Les opérations d’audit et d’inspection financière sont-elles le fruit du hasard ? Ou s’agit-il vraiment d’une campagne organisée et orchestrée pour ouvrir les dossiers de corruption qui pèsent sur l’économie nationale depuis plusieurs années ? En tout cas, selon toute vraisemblance, le chef du gouvernement, Youssef Chahed, et le président de la République, Kaïs Saïed, auraient décidé d’attaquer de front la corruption en commençant par ouvrir des enquêtes. Affaires à suivre
S’agit-il d’une véritable campagne de lutte contre la corruption ciblant plusieurs secteurs dont les initiateurs ne sont autres que le président de la République et le chef du gouvernement ? En tout cas, les dernières informations marquent, en effet, le lancement de plusieurs opérations d’inspection et d’audits simultanées ciblant différents secteurs et administrations. Après le ministère des Affaires étrangères, le ministère de l’Enseignement supérieur, l’institution de la Présidence de la République et des organismes rattachés, ce sont les deux sociétés de transport, la Transtu et la Société de transport du Sahel (STS), qui font l’objet d’une opération d’audit approfondi et d’un engagement de procédures judiciaires, dont des dossiers de corruption en seraient la cause.
Loin d’une attention médiatique remarquable et spectaculaire, l’actuelle étape se distingue par une nouvelle opération « mains propres », et c’est le secteur du Transport qui serait la principale cible. En effet, l’entente entre les deux têtes du pouvoir exécutif semble être derrière ce nouvel épisode anticorruption. Ce gouvernement, en fin de mandat, a d’abord décidé de lancer une inspection approfondie au sein du ministère des Affaires étrangères où des soupçons de corruption financière, des détournements de fonds, des secrets d’Etats mis à nu ont été constatés. Puis s’est lancé dans une vaste opération anticorruption au sein des deux sociétés de transport la Transtu et la Société de transport du Sahel (STS).
Tout a commencé par une série d’arrestations contre des employés des deux sociétés qui font l’objet de soupçons de corruption portant sur des cas de fraude, de détournement de fonds et de manipulation financière. Quatre agents de la Société de transport du Sahel ont été arrêtés, récemment, pour suspicion de vol de matériel relevant de la société. Ces suspects, dont parmi eux le directeur de l’exploitation et de la maintenance, ont été interpellés par la brigade de la police judiciaire de Mahdia, selon un communiqué de la direction générale de la Société de transport du Sahel.

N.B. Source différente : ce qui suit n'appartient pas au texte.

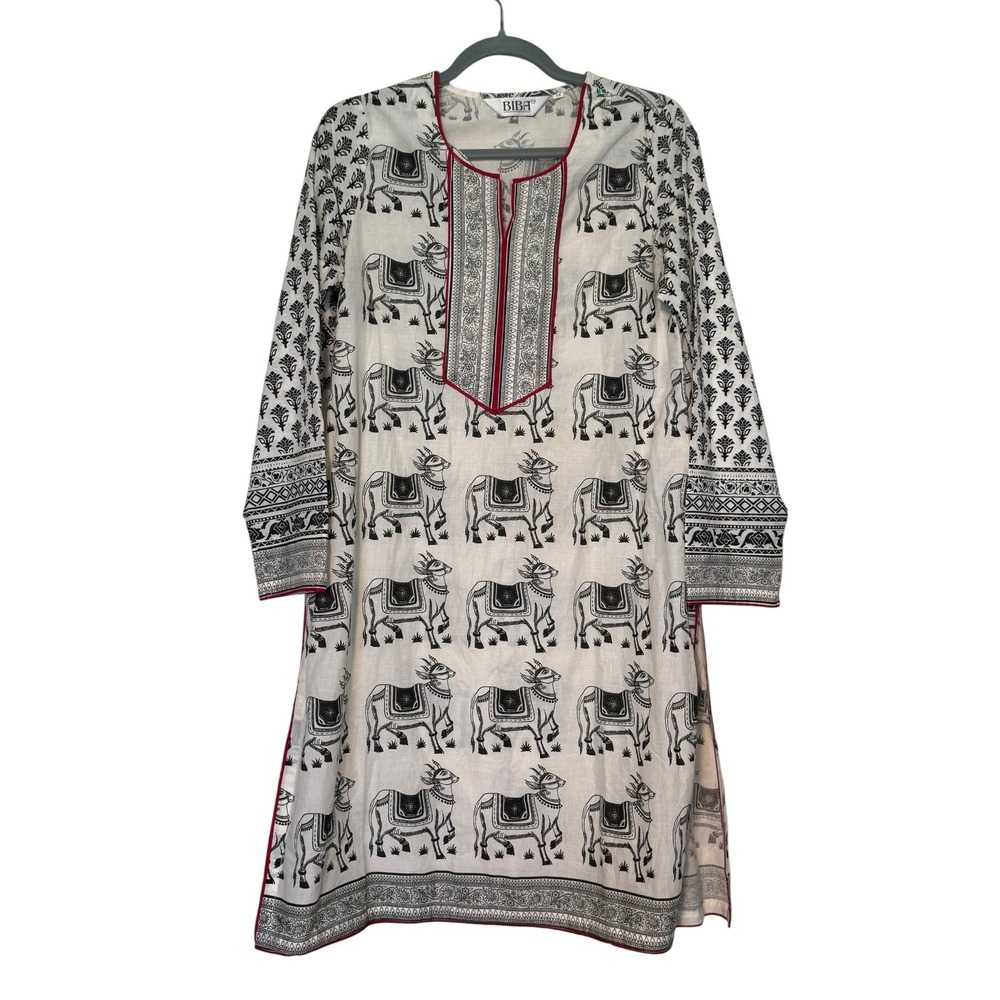 Biba Indian Kurti Tunic Top Off White Black Cow Print Cotton Light Boho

Durant cette même période, un agent de la Transtu s’est fait également arrêter à son bureau, accusé d’avoir dérobé de l’argent public. Son arrestation est intervenue suite à une plainte déposée par le député Imed Daimi à l’encontre de ce fonctionnaire auprès du pôle judiciaire économique et financier.
Daimi explique, à cet effet, que les pertes supportées par la société liées aux dépassements commis par cet individu avoisinent les 16 millions de dinars, « en raison de ses malversations ainsi que de ses complices, jusqu’à arriver au directeur financier de la société ».
Audit approfondi
Mais selon le directeur général de la Société des transports de Tunis (Transtu), Anis Maloulchi, le montant de 16 millions de dinars est surestimé. Il a, en effet, démenti ces suspicions de vol de cette importante somme des comptes de la société. « Le montant de 16 MD, inscrit dans un compte d’attente (en attente d’une régularisation comptable) a fait l’objet des réserves du commissaire aux comptes. Il ne peut pas être qualifié de violation systémique. En plus, les avances sur salaires des agents ne peuvent pas atteindre 16MD », a argumenté le responsable.

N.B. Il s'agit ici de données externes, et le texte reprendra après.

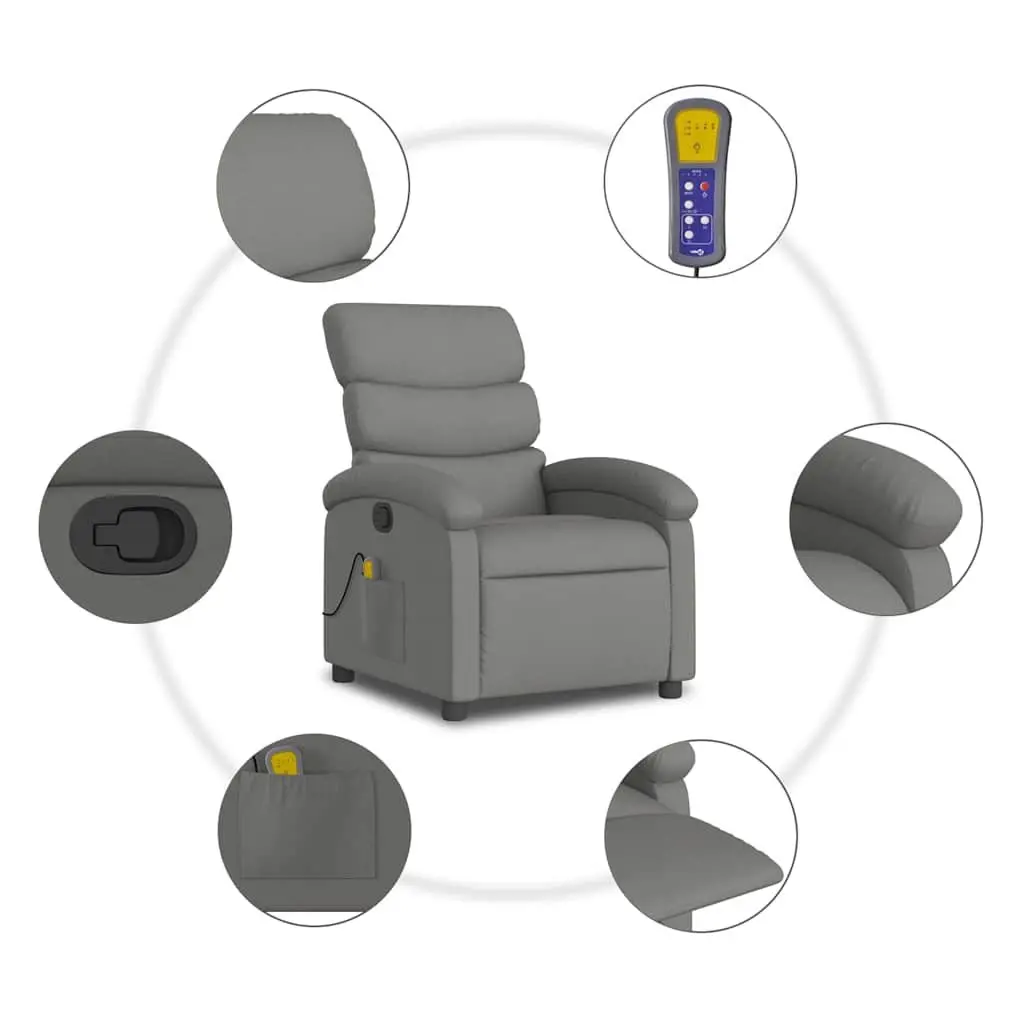 Massage Recliner Chair Manual Recline Vibration Lounger Grey Fabric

Il reconnaît, pourtant, que l’agent arrêté actuellement « avait manipulé les avances sur salaires des agents, en utilisant le mot de passe pour annuler des montants du système informatique en complicité avec d’autres collègues ». « La personne en question aurait procédé à la manipulation des avances sur salaires avant 2018 », a-t-il précisé.

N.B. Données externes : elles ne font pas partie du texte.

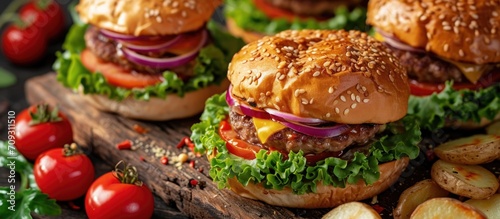 Wallpaper Mural Various burgers featuring cheese, beef, double cheese, classic, chicken, and fish, accompanied by salad, cherry tomatoes, potatoes, and pepper & onion. Torontodigital.ca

Dans ce contexte qui renvoie aux prémices d’une campagne mains propres non annoncée, l’inspection générale relevant du ministère du Transport a été chargée de procéder à un audit approfondi de la Transtu et de la Société de transport du Sahel (STS), outre l’engagement de procédures judiciaires. Le ministère du Transport a expliqué que ces décisions ont été prises à la suite de deux opérations de vol de l’argent public, découvertes au sein de la Transtu et de la STS. Ces audits vont permettre de déterminer les responsabilités juridiques et de prendre les mesures à même de remédier aux défaillances qui ont abouti à ces abus, pour éviter la récidive.
En fin de parcours, l’actuel gouvernement s’est-il lancé véritablement dans une lutte contre la corruption dans plusieurs secteurs ? Quel rôle a joué le chef de l’Etat fraîchement élu qui a lui-même sollicité un audit approfondi des services administratifs de la Présidence de la République ?
270 affaires de corruption ?
Au moment où ces interrogations commencent à interpeller vivement l’opinion publique d’autant plus qu’aucune partie officielle n’a brisé le silence pour se prononcer sur ces opérations, on évoque quelque 270 affaires de suspicion de corruption et de malversations financières dans des entreprises de l’Etat, qui devraient être prochainement dévoilées. L’information vient de Ridha Mekki, alias Ridha Lénine, que l’on présente comme « le cerveau » derrière le projet de Kaïs Saïed et de son ascension au pouvoir. Ce dernier, s’exprimant sur sa page Facebook, affirme qu’une enquête a été ouverte dans plus de 270 affaires de corruption au sein des rouages de l’Etat et dans plusieurs entreprises comme notamment la Compagnie des phosphates de Gafsa (CPG), la douane, la Steg, les marchés publics, l’énergie, etc. Il prédit même des arrestations en masse, les jours à venir, visant des responsables corrompus relevant de plusieurs secteurs. Il faut rappeler dans ce contexte que le chef du gouvernement, Youssef Chahed, a décidé, après concertation avec la présidence de la République, de charger le Comité du contrôle général des services publics d’effectuer un audit administratif et financier au ministère des Affaires étrangères et dans d’autres services administratifs. La présidence du gouvernement explique que cette décision s’inscrit dans le cadre du souci de rationaliser le travail des structures et services publics. Il s’agit également de conférer davantage de transparence et d’efficience à la gestion des institutions de l’Etat et d’en promouvoir le rendement. Pour sa part, le ministère de l’Enseignement supérieur a ordonné, à son tour, un audit dans sept universités privées, ainsi que la fermeture d’une autre pour de graves dépassements.
Ces opérations d’audit et d’inspection financière sont-elles le fruit du hasard ? Ou s’agit-il vraiment d’une campagne organisée et orchestrée pour ouvrir les dossiers de corruption qui pèsent sur l’économie nationale depuis plusieurs années ? En tout cas, selon toute vraisemblance, le chef du gouvernement, Youssef Chahed et le président de la République, Kaïs Saïed, auraient décidé d’attaquer de front la corruption en commençant par ouvrir des enquêtes. Affaires à suivre.